Friday, January 26, 2018

Map Reduce Data Flow

Pre loaded local input data and Mapping
  • MapReduce inputs typically come from input files loaded onto our processing cluster in HDFS. These files are evenly distributed across all the nodes.
  • Running a MapReduce program involves running these mapping tasks across all the nodes in our cluster.
  • Each of these mapping tasks are equivalent (No mappers have particular identity associated with them ). Therefore any mapper can process any input file.
  • Each mapper loads the set of file local to that machine and process them.

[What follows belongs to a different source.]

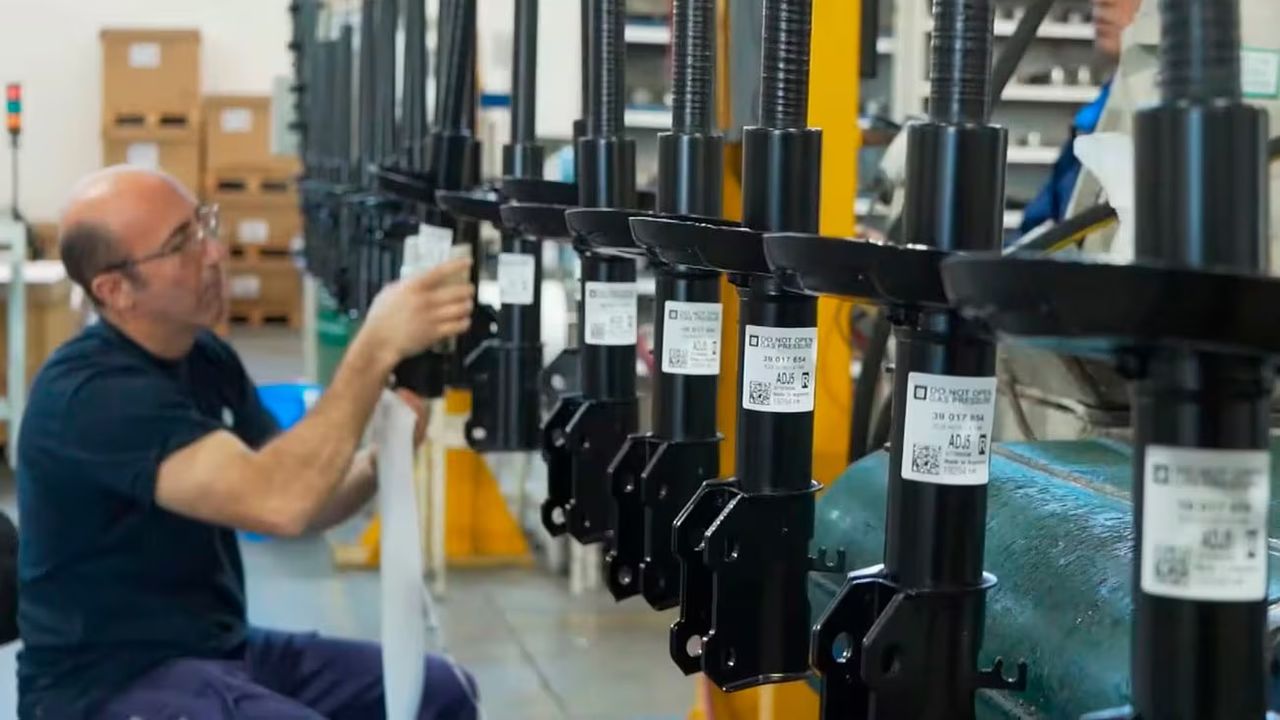 ZF Argentina despedió a 43 trabajadores en San Francisco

Intermediate data from the mappers and shuffling
  • When mapping phase is completed. the intermediate (key,value) pairs must be exchanged between machines to send all values with the same key to a single reducer
Reducing process
  • The reduce task are spread across the same nodes across the same nodes across the clusters.This is the only task in MapReduce.
  • Individual map task do no exchange information with one another, nor they are aware of  one anoothers'existence 
  • The user never explicitly marshals information from one machine to another; all data transfer is handled by the Hadoop MapReduce platform itself, guided implicitly by the different keys associated with values. This is a fundamental element of Hadoop MapReduce's reliability. 
If nodes in the cluster fail, tasks must be able to be restarted. If they have been performing side-effects, e.g., communicating with the outside world, then the shared state must be restored in a restarted task. By eliminating communication and side-effects, restarts can be handled more gracefully.

Word Count 

In the example below we can see the data flow for word count

Note: Combiner is a semi-reducer in mapreduce. This is an optional class which can be specified in mapreduce driver class to process the output of map tasks before submitting it to reducer tasks.